Go through the records and write each one out again exactly.

Caption-style text data
----------------------------------------
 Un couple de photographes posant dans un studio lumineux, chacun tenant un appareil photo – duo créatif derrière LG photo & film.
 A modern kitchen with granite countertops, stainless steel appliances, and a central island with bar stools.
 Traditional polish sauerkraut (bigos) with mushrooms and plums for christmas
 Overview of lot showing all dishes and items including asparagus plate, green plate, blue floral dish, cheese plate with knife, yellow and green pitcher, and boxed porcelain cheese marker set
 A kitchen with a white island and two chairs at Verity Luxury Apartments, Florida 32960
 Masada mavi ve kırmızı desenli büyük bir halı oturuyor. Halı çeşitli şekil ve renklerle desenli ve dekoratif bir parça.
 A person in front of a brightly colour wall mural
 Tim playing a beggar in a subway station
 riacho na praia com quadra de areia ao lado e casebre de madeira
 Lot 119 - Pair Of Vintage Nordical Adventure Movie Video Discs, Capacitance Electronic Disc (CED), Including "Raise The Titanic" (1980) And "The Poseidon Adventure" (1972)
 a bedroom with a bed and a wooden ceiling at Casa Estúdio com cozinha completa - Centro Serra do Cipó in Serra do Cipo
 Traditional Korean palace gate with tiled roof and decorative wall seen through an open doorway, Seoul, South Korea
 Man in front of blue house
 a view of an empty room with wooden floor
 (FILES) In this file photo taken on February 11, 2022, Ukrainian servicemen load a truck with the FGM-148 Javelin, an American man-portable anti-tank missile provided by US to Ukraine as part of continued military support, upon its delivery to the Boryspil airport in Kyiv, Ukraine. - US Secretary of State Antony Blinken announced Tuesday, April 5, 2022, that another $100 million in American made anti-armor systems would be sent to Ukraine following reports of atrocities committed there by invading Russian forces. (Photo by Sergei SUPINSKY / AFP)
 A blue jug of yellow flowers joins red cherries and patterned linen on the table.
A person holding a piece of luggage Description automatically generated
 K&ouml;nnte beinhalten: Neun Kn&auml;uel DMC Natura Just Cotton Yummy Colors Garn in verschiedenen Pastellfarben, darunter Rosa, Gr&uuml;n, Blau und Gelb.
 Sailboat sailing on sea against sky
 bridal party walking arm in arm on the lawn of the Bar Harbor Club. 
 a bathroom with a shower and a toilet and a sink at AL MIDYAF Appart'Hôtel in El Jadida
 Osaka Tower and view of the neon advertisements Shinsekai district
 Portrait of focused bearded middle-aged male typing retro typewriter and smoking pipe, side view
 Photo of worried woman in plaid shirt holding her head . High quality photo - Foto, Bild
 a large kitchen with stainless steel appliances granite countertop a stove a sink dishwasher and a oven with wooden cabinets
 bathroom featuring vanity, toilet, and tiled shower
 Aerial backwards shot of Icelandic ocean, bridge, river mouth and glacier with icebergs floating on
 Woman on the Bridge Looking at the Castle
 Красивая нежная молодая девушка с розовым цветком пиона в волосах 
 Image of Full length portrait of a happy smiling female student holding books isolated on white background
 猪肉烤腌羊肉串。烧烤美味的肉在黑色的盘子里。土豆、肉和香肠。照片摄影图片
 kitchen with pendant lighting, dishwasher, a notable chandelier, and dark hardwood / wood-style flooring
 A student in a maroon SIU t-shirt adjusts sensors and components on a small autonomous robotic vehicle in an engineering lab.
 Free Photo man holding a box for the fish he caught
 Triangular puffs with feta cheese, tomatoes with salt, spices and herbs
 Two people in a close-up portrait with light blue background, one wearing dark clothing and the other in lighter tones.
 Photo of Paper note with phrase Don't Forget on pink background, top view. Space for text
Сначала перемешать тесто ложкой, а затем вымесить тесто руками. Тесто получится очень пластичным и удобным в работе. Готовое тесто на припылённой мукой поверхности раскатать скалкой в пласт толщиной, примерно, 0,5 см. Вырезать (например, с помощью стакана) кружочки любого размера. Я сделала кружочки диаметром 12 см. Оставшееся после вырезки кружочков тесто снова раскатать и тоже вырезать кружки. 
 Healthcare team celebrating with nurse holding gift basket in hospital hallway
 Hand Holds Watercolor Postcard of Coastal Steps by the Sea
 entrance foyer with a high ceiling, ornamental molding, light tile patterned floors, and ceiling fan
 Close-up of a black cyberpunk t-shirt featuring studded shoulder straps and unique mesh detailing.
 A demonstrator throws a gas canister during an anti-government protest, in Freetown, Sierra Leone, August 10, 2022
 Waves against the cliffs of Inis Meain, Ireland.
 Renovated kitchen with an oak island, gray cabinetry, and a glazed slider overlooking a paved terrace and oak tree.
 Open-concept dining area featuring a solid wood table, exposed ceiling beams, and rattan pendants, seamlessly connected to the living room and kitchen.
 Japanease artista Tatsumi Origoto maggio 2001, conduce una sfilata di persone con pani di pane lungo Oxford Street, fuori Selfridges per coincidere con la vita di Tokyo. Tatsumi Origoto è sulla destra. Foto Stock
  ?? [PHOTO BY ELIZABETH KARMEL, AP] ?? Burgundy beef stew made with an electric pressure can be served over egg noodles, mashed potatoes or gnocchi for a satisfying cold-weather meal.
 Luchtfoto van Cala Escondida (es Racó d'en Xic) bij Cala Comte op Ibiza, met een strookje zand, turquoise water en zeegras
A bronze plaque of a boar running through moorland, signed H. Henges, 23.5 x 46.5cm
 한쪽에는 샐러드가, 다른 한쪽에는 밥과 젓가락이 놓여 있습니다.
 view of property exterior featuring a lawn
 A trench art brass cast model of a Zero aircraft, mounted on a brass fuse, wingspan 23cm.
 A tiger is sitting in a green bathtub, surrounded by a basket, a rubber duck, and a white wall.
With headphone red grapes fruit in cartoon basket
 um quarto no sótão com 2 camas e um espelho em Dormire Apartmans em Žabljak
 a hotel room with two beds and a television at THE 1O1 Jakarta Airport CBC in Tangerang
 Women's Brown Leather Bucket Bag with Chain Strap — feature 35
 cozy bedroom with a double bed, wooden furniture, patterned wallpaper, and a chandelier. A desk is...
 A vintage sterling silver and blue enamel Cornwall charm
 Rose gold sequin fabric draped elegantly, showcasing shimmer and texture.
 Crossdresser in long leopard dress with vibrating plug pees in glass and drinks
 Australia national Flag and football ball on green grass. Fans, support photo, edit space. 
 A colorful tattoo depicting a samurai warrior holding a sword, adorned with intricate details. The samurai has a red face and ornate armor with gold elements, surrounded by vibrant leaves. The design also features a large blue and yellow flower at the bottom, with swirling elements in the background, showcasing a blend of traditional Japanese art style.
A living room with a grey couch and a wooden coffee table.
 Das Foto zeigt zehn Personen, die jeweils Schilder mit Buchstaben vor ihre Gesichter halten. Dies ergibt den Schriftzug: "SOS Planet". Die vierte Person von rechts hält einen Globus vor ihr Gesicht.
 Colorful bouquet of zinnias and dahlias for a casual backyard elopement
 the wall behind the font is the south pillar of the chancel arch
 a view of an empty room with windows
----------------------------------------
== FINISHED EXERCISE ==
 Un couple de photographes posant dans un studio lumineux, chacun tenant un appareil photo – duo créatif derrière LG photo & film.
 A modern kitchen with granite countertops, stainless steel appliances, and a central island with bar stools.
 Traditional polish sauerkraut (bigos) with mushrooms and plums for christmas
 Overview of lot showing all dishes and items including asparagus plate, green plate, blue floral dish, cheese plate with knife, yellow and green pitcher, and boxed porcelain cheese marker set
 A kitchen with a white island and two chairs at Verity Luxury Apartments, Florida 32960
 Masada mavi ve kırmızı desenli büyük bir halı oturuyor. Halı çeşitli şekil ve renklerle desenli ve dekoratif bir parça.
 A person in front of a brightly colour wall mural
 Tim playing a beggar in a subway station
 riacho na praia com quadra de areia ao lado e casebre de madeira
 Lot 119 - Pair Of Vintage Nordical Adventure Movie Video Discs, Capacitance Electronic Disc (CED), Including "Raise The Titanic" (1980) And "The Poseidon Adventure" (1972)
 a bedroom with a bed and a wooden ceiling at Casa Estúdio com cozinha completa - Centro Serra do Cipó in Serra do Cipo
 Traditional Korean palace gate with tiled roof and decorative wall seen through an open doorway, Seoul, South Korea
 Man in front of blue house
 a view of an empty room with wooden floor
 (FILES) In this file photo taken on February 11, 2022, Ukrainian servicemen load a truck with the FGM-148 Javelin, an American man-portable anti-tank missile provided by US to Ukraine as part of continued military support, upon its delivery to the Boryspil airport in Kyiv, Ukraine. - US Secretary of State Antony Blinken announced Tuesday, April 5, 2022, that another $100 million in American made anti-armor systems would be sent to Ukraine following reports of atrocities committed there by invading Russian forces. (Photo by Sergei SUPINSKY / AFP)
 A blue jug of yellow flowers joins red cherries and patterned linen on the table.
A person holding a piece of luggage Description automatically generated
 K&ouml;nnte beinhalten: Neun Kn&auml;uel DMC Natura Just Cotton Yummy Colors Garn in verschiedenen Pastellfarben, darunter Rosa, Gr&uuml;n, Blau und Gelb.
 Sailboat sailing on sea against sky
 bridal party walking arm in arm on the lawn of the Bar Harbor Club. 
 a bathroom with a shower and a toilet and a sink at AL MIDYAF Appart'Hôtel in El Jadida
 Osaka Tower and view of the neon advertisements Shinsekai district
 Portrait of focused bearded middle-aged male typing retro typewriter and smoking pipe, side view
 Photo of worried woman in plaid shirt holding her head . High quality photo - Foto, Bild
 a large kitchen with stainless steel appliances granite countertop a stove a sink dishwasher and a oven with wooden cabinets
 bathroom featuring vanity, toilet, and tiled shower
 Aerial backwards shot of Icelandic ocean, bridge, river mouth and glacier with icebergs floating on
 Woman on the Bridge Looking at the Castle
 Красивая нежная молодая девушка с розовым цветком пиона в волосах 
 Image of Full length portrait of a happy smiling female student holding books isolated on white background
 猪肉烤腌羊肉串。烧烤美味的肉在黑色的盘子里。土豆、肉和香肠。照片摄影图片
 kitchen with pendant lighting, dishwasher, a notable chandelier, and dark hardwood / wood-style flooring
 A student in a maroon SIU t-shirt adjusts sensors and components on a small autonomous robotic vehicle in an engineering lab.
 Free Photo man holding a box for the fish he caught
 Triangular puffs with feta cheese, tomatoes with salt, spices and herbs
 Two people in a close-up portrait with light blue background, one wearing dark clothing and the other in lighter tones.
 Photo of Paper note with phrase Don't Forget on pink background, top view. Space for text
Сначала перемешать тесто ложкой, а затем вымесить тесто руками. Тесто получится очень пластичным и удобным в работе. Готовое тесто на припылённой мукой поверхности раскатать скалкой в пласт толщиной, примерно, 0,5 см. Вырезать (например, с помощью стакана) кружочки любого размера. Я сделала кружочки диаметром 12 см. Оставшееся после вырезки кружочков тесто снова раскатать и тоже вырезать кружки. 
 Healthcare team celebrating with nurse holding gift basket in hospital hallway
 Hand Holds Watercolor Postcard of Coastal Steps by the Sea
 entrance foyer with a high ceiling, ornamental molding, light tile patterned floors, and ceiling fan
 Close-up of a black cyberpunk t-shirt featuring studded shoulder straps and unique mesh detailing.
 A demonstrator throws a gas canister during an anti-government protest, in Freetown, Sierra Leone, August 10, 2022
 Waves against the cliffs of Inis Meain, Ireland.
 Renovated kitchen with an oak island, gray cabinetry, and a glazed slider overlooking a paved terrace and oak tree.
 Open-concept dining area featuring a solid wood table, exposed ceiling beams, and rattan pendants, seamlessly connected to the living room and kitchen.
 Japanease artista Tatsumi Origoto maggio 2001, conduce una sfilata di persone con pani di pane lungo Oxford Street, fuori Selfridges per coincidere con la vita di Tokyo. Tatsumi Origoto è sulla destra. Foto Stock
  ?? [PHOTO BY ELIZABETH KARMEL, AP] ?? Burgundy beef stew made with an electric pressure can be served over egg noodles, mashed potatoes or gnocchi for a satisfying cold-weather meal.
 Luchtfoto van Cala Escondida (es Racó d'en Xic) bij Cala Comte op Ibiza, met een strookje zand, turquoise water en zeegras
A bronze plaque of a boar running through moorland, signed H. Henges, 23.5 x 46.5cm
 한쪽에는 샐러드가, 다른 한쪽에는 밥과 젓가락이 놓여 있습니다.
 view of property exterior featuring a lawn
 A trench art brass cast model of a Zero aircraft, mounted on a brass fuse, wingspan 23cm.
 A tiger is sitting in a green bathtub, surrounded by a basket, a rubber duck, and a white wall.
With headphone red grapes fruit in cartoon basket
 um quarto no sótão com 2 camas e um espelho em Dormire Apartmans em Žabljak
 a hotel room with two beds and a television at THE 1O1 Jakarta Airport CBC in Tangerang
 Women's Brown Leather Bucket Bag with Chain Strap — feature 35
 cozy bedroom with a double bed, wooden furniture, patterned wallpaper, and a chandelier. A desk is...
 A vintage sterling silver and blue enamel Cornwall charm
 Rose gold sequin fabric draped elegantly, showcasing shimmer and texture.
 Crossdresser in long leopard dress with vibrating plug pees in glass and drinks
 Australia national Flag and football ball on green grass. Fans, support photo, edit space. 
 A colorful tattoo depicting a samurai warrior holding a sword, adorned with intricate details. The samurai has a red face and ornate armor with gold elements, surrounded by vibrant leaves. The design also features a large blue and yellow flower at the bottom, with swirling elements in the background, showcasing a blend of traditional Japanese art style.
A living room with a grey couch and a wooden coffee table.
 Das Foto zeigt zehn Personen, die jeweils Schilder mit Buchstaben vor ihre Gesichter halten. Dies ergibt den Schriftzug: "SOS Planet". Die vierte Person von rechts hält einen Globus vor ihr Gesicht.
 Colorful bouquet of zinnias and dahlias for a casual backyard elopement
 the wall behind the font is the south pillar of the chancel arch
 a view of an empty room with windows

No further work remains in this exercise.